NEW YORK -(Dow Jones)- Morgan Stanley (MS) Chairman and Chief Executive James Gorman defended the securities firm's role in Facebook Inc.'s (FB) tumultuous initial public offering, telling employees internally that the firm worked "100% within the rules" and calling the steep decline in Facebook's stock "disappointing."

Gorman, in a weekly strategy meeting Tuesday, which was later webcast to employees, said "speculation of nefarious activity" surrounding the social networking company's IPO is untrue. Contrary to some reports, he said, he wasn't "aware of any dissent" among the underwriting firms regarding Facebook's IPO price of $38 a share.

An interesting note:

In the discussion, Gorman went so far as to recount a phone call he received from Facebook's chief operating officer, Sheryl Sandberg, last Friday evening. Gorman said Sandberg praised the company and offered Morgan Stanley a professional reference for its work on the deal.

For those that don't recognize the name, Mrs. Sandberg oversaw ad sales for Google and is generally credited with helping make that company the profitable business that it now is. She was brought on at Facebook a few years ago to, as I see it, kinda be the adult in the room and figure out how to make Facebook a profitable business.
 
C

czygvtwkr

Guest
At $40 a share FB had something like half of the valuation of Google with only 1/10th the revenue.... this tells me that even at $10 a share is expensive when compared to Google.
 
Has Facebook put in a bottom? It's been creeping up for the last week plus and is trading at about $28.50 in the premarket this morning. It was as low as about $25.50 last week.

I really need to know, someone please tell me. :tap:
 
At $40 a share FB had something like half of the valuation of Google with only 1/10th the revenue.... this tells me that even at $10 a share is expensive when compared to Google.

Only if you assume the companies are at the same stage in their respective developments, which they aren't. You don't buy a stock like FB (now) or Google (when it went public) because you think the price is good based on their current earnings, you buy them because you think the price is good based on their potential future earnings. Google was more expensive right after it went public than Facebook is now. It closed at $100 on its first day of trading (and went mostly up from there) which represented a market cap of about $27 Billion, about 140 times its trailing 12 months earnings of $191 Million.
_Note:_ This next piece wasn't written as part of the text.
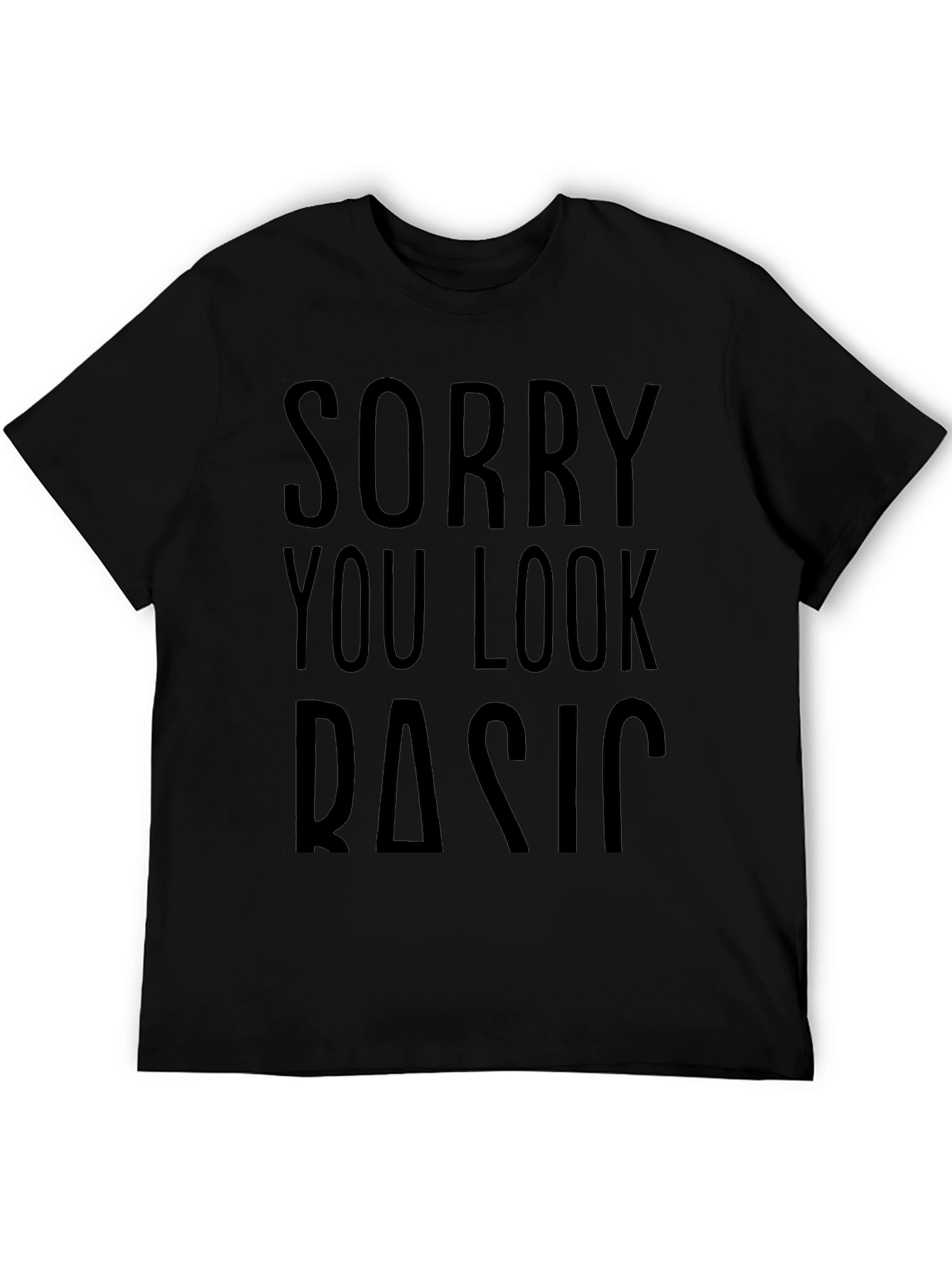 Sorry You Look Basic T-Shirt Funny Novelty Tee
That investment didn't turn out too bad for those that made it, Google is up more than 450% in the less than 8 years since then.

Facebook may or may not be as successful as Google was in growing revenues and earnings in the years following its IPO. But the point remains, speculation / great growth potential plays aren't valued the same way as those plays that have already realized (most of) their great growth potential. If they were, many of the great investment opportunities in our history would have been missed. Early-life IPOs are almost always going to be expensive based on their current earnings. People don't buy them thinking they've already reached their potential as businesses, they buy them because they think they might grow into something much larger / more profitable. 
 
C

czygvtwkr

Guest
Only if you assume the companies are at the same stage in their respective developments, which they aren't. You don't buy a stock like FB (now) or Google (when it went public) because you think the price is good based on their current earnings, you buy them because you think the price is good based on their potential future earnings. Google was more expensive right after it went public than Facebook is now. It closed at $100 on its first day of trading (and went mostly up from there) which represented a market cap of about $27 Billion, about 140 times its trailing 12 months earnings of $191 Million. That investment didn't turn out too bad for those that made it, Google is up more than 450% in the less than 8 years since then.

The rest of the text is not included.